La primera vez que Rosendo Laimón devoró a un ser vivo fue después de haber sentido un coraje inconmensurable pero muy natural, tan brutal y ligero como si hubiera despedazado un pollo frito.
Después de cenar y dejar a medias la taza de café que durante horas intentaba tomar, salió de casa como lo hacía cada lunes. Sin embargo, ese era un lunes diferente. Desde que puso el pie derecho fuera de la cama sintió un sabor rancio en la boca y escuchó con claridad –y casi con molestia, de tan perceptible– la música que su vecino sintonizaba en el radio. Era una estúpida canción que hablaba de los días con sol y nubes.

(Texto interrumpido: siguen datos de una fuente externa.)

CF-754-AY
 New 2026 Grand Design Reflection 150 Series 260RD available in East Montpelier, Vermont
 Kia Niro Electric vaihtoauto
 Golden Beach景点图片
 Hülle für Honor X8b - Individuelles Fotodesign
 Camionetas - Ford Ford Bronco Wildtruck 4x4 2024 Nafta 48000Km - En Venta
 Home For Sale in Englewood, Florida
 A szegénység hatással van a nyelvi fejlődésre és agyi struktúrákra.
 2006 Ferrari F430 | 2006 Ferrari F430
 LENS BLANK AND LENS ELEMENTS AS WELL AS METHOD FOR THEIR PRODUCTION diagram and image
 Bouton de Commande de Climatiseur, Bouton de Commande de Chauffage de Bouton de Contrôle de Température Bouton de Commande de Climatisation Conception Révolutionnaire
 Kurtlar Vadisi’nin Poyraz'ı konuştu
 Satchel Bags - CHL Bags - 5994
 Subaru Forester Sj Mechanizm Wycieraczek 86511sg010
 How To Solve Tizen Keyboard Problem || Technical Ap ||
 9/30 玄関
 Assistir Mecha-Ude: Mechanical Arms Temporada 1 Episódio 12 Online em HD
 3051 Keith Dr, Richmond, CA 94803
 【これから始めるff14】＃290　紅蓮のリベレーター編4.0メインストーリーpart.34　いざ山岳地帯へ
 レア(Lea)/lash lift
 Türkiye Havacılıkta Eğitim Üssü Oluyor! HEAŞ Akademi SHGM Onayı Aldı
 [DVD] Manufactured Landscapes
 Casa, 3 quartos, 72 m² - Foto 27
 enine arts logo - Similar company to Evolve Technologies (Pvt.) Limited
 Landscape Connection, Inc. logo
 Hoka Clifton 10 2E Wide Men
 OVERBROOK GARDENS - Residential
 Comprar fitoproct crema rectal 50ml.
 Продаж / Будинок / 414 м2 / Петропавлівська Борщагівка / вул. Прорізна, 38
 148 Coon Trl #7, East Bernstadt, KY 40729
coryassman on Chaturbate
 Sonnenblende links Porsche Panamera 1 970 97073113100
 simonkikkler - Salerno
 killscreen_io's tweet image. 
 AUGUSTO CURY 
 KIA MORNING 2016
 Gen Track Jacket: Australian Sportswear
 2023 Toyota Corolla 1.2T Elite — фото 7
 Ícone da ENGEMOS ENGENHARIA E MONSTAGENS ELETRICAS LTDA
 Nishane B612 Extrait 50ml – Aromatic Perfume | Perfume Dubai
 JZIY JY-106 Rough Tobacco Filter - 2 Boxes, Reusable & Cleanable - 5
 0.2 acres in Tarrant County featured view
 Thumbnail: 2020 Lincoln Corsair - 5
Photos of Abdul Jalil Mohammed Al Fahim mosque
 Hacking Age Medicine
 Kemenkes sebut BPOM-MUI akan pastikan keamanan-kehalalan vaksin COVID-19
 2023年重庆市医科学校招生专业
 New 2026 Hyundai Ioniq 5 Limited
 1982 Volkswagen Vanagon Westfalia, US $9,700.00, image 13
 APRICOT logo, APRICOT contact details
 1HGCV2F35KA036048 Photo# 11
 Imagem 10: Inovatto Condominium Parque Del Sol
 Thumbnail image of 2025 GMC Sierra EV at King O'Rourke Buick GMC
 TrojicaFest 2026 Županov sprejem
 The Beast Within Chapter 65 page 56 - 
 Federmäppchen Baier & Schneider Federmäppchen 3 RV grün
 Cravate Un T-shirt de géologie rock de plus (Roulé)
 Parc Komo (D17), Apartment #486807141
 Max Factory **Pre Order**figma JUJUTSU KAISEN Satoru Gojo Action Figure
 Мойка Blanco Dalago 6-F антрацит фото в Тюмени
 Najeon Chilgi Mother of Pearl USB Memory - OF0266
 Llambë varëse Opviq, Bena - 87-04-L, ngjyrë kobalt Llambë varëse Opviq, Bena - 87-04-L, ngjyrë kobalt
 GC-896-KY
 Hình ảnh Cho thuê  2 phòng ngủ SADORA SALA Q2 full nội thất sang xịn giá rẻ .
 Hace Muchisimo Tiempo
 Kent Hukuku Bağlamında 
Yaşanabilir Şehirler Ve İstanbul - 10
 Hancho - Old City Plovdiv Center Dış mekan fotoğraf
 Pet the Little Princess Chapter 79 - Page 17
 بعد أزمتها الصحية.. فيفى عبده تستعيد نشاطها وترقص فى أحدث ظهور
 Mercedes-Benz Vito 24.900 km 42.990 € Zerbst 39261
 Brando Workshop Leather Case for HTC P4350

Así que Rosendo, al salir de la casa, lo primero que hizo fue mirar al cielo y notar que ni sol ni nubes lo cubrían y eso lo hizo sonreír. Al contrario, una luna llena se prendía frente a sus ojos y toda la ciudad. Pensó que si esa noche el alumbrado urbano estuviera apagado esa luna sería suficiente para velar todas las calles.
Fue entonces cuando Rosendo volvió a escuchar esa canción. Sin más, las piernas, los brazos, las manos comenzaron a temblarle. Un calor asfixiante lo devoró por dentro y un deseo enfermo por hacer callar esa estúpida canción se volvía incontrolable. Acto seguido, aquel que fue su vecino durante 30 años vio tocar a su puerta a un hombre con aspecto más de perro que de ser humano. Fue justo cuando la radio expulsaba un “sol y nubes para ti” cuando unas garras le arrancaban la cabeza, como si fuera un pollo frito.